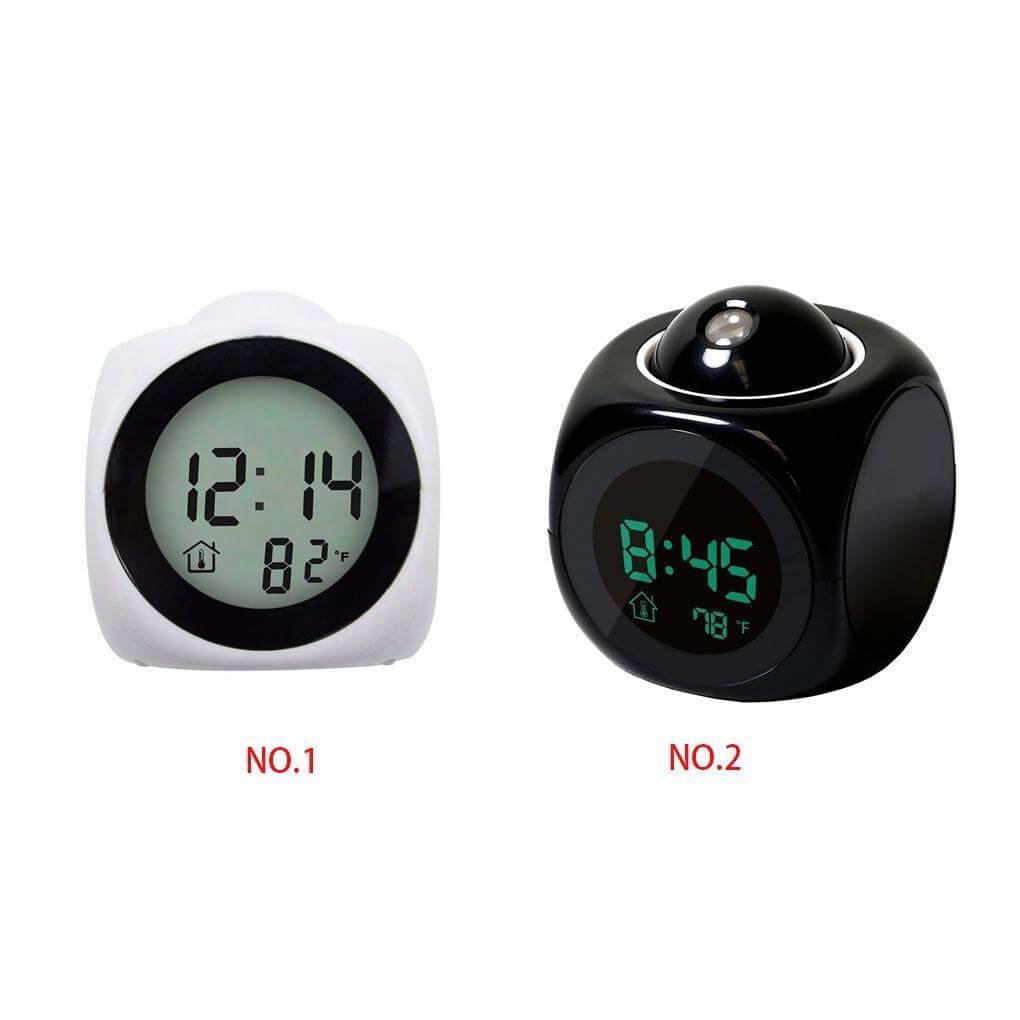 LCD Projection Display Digital Alarm Clock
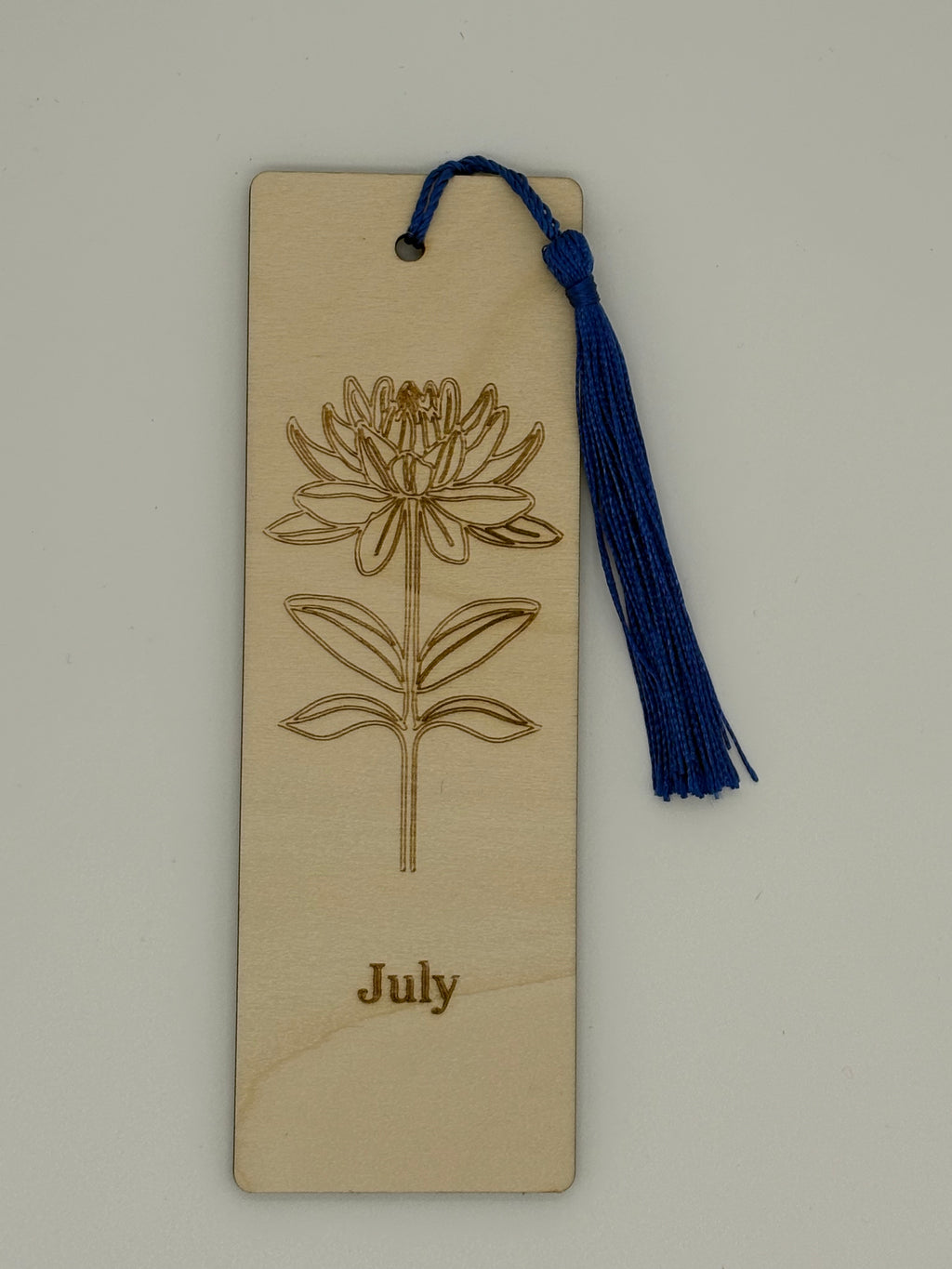 July Birth Flower Bookmark
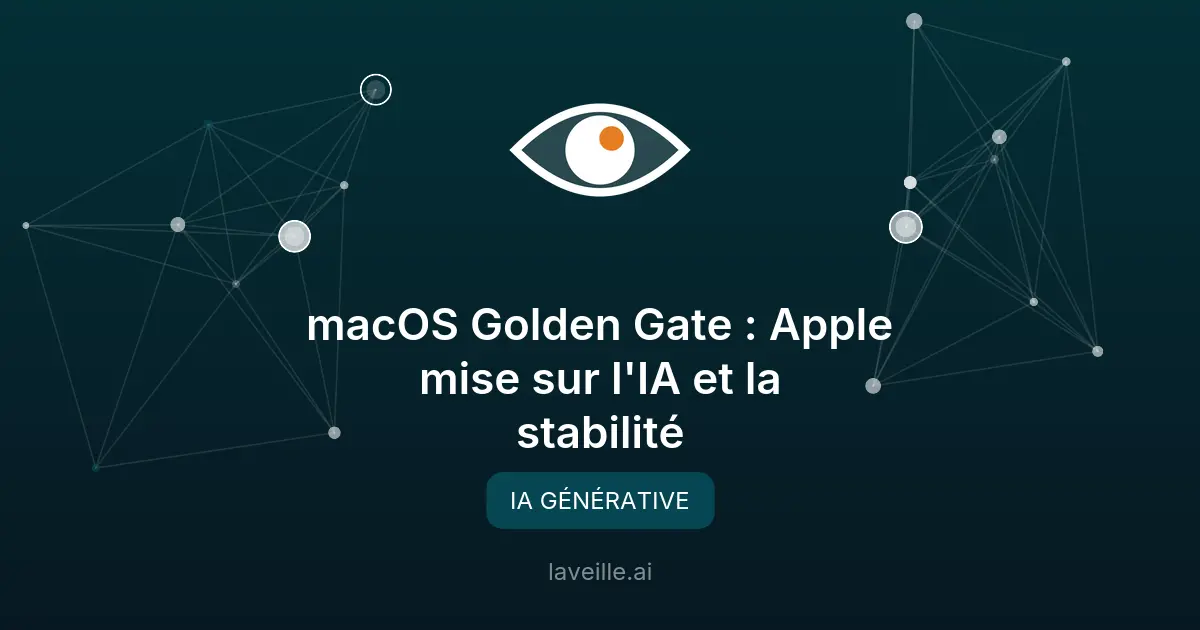 macOS Golden Gate : Apple mise sur l'IA et la stabilité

☆ ☆ ☆ ☆ ☆

- **PROBLEM REQUIREMENTS**
Skip the pictures, then return the rest of the data exactly.

- **COMPLETED EXERCISE**
 LCD Projection Display Digital Alarm Clock
 July Birth Flower Bookmark
 macOS Golden Gate : Apple mise sur l'IA et la stabilité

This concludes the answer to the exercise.